__WORK ITEM__:
Give again, word for word, each line below starting at the one that contains "Yakiniku To Nyahidagyuu" and ending at the one that contains "Pulseira Mjölnir".

__INPUT DATA__:
• • • • • • •

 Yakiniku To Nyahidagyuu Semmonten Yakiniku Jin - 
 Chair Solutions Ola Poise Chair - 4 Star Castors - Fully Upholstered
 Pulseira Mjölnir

• • • • • • •

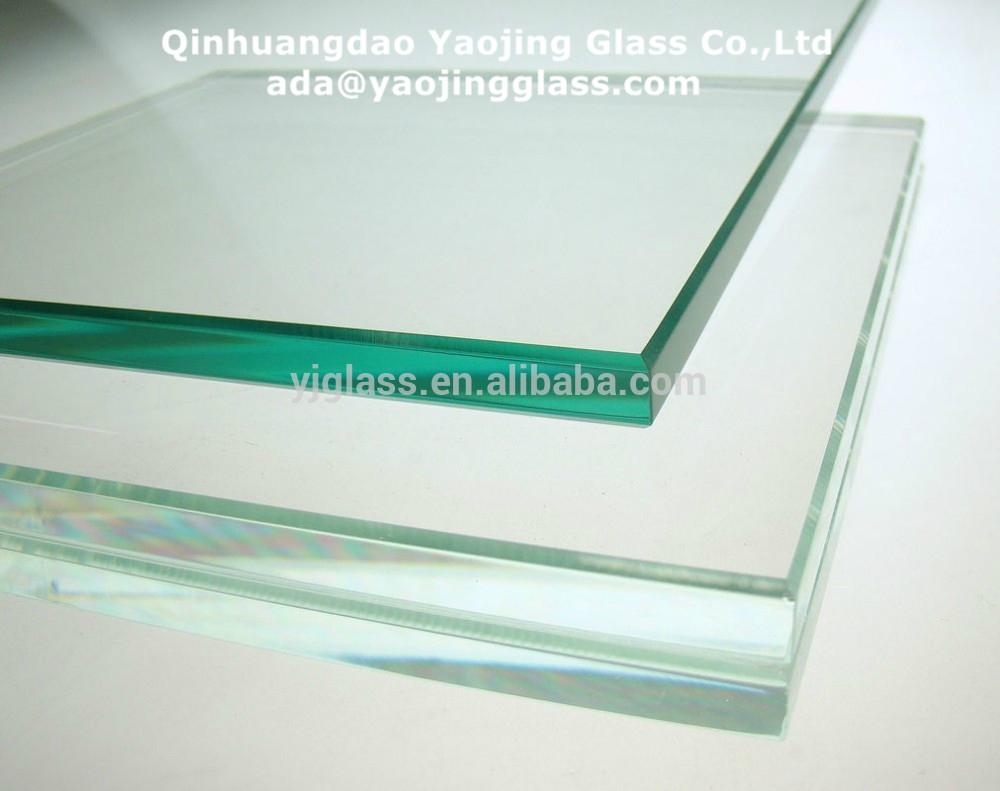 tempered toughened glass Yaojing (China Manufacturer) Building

• • • • • • •

__RESULT FOR THIS EXERCISE__:
 Yakiniku To Nyahidagyuu Semmonten Yakiniku Jin - 
 Chair Solutions Ola Poise Chair - 4 Star Castors - Fully Upholstered
 Pulseira Mjölnir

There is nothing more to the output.